╭─ RAW DATA
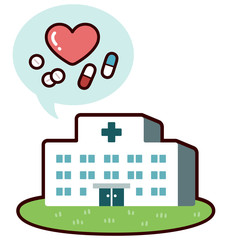 hospital medicines and heart. speech bubbles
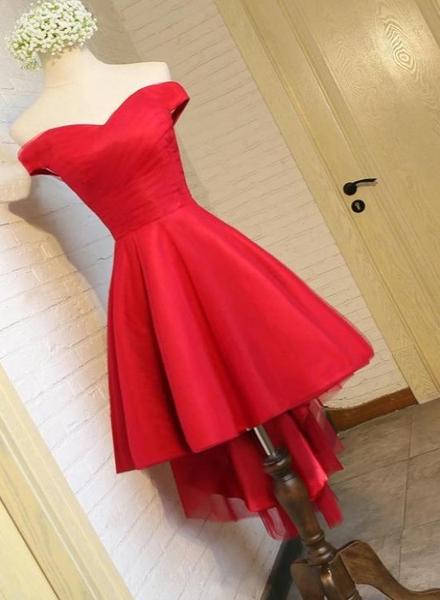 Simple Sweetheart Off Shoulder High Low Party Dress Homecoming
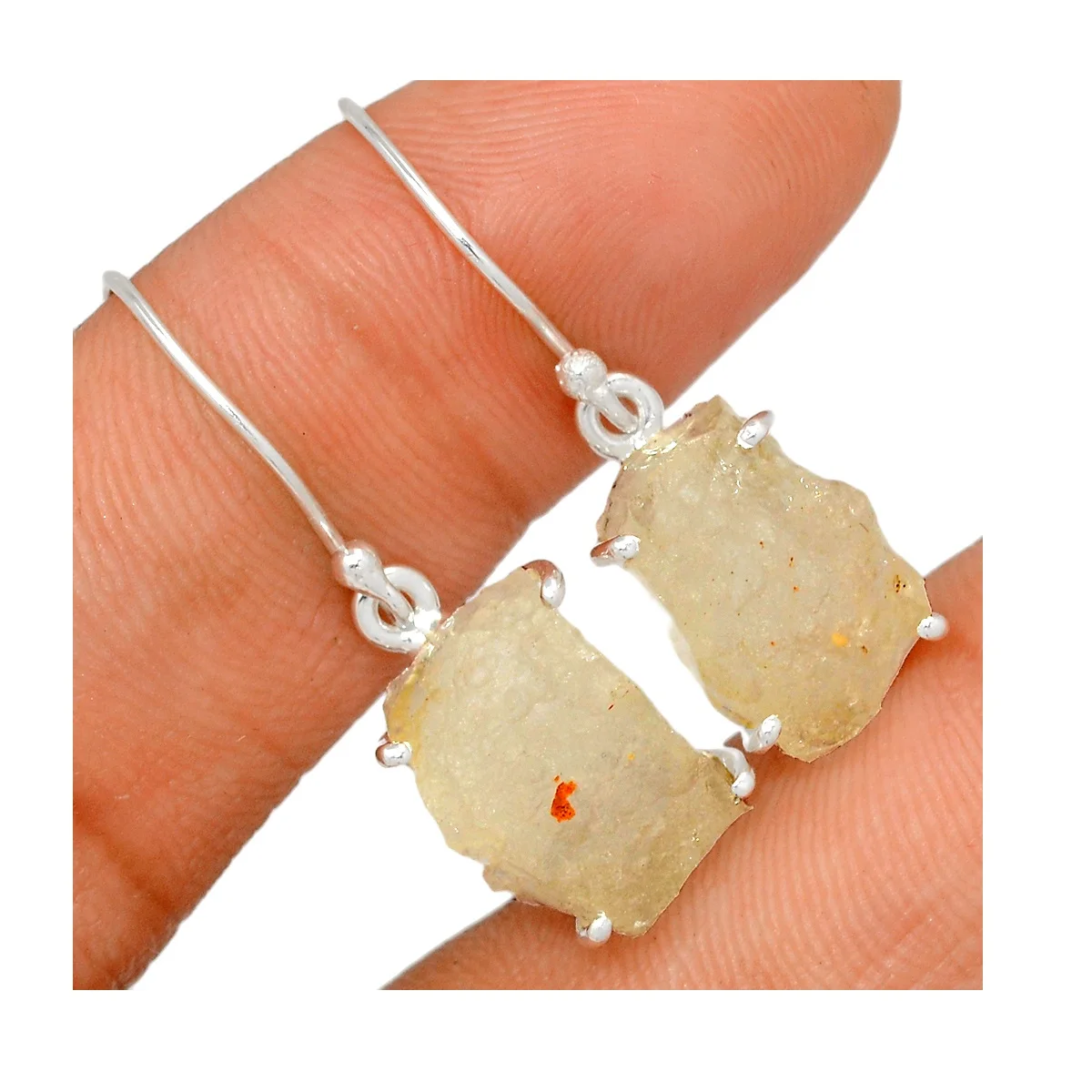 Серьги-кольца из стерлингового серебра женские серьги с серебряным покрытием и Индийским ливийским пустынным стеклом массивные от индийского продавца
╰─
A word-for-word copy of the listing is needed, with no pictures in it.

 hospital medicines and heart. speech bubbles
 Simple Sweetheart Off Shoulder High Low Party Dress Homecoming
 Серьги-кольца из стерлингового серебра женские серьги с серебряным покрытием и Индийским ливийским пустынным стеклом массивные от индийского продавца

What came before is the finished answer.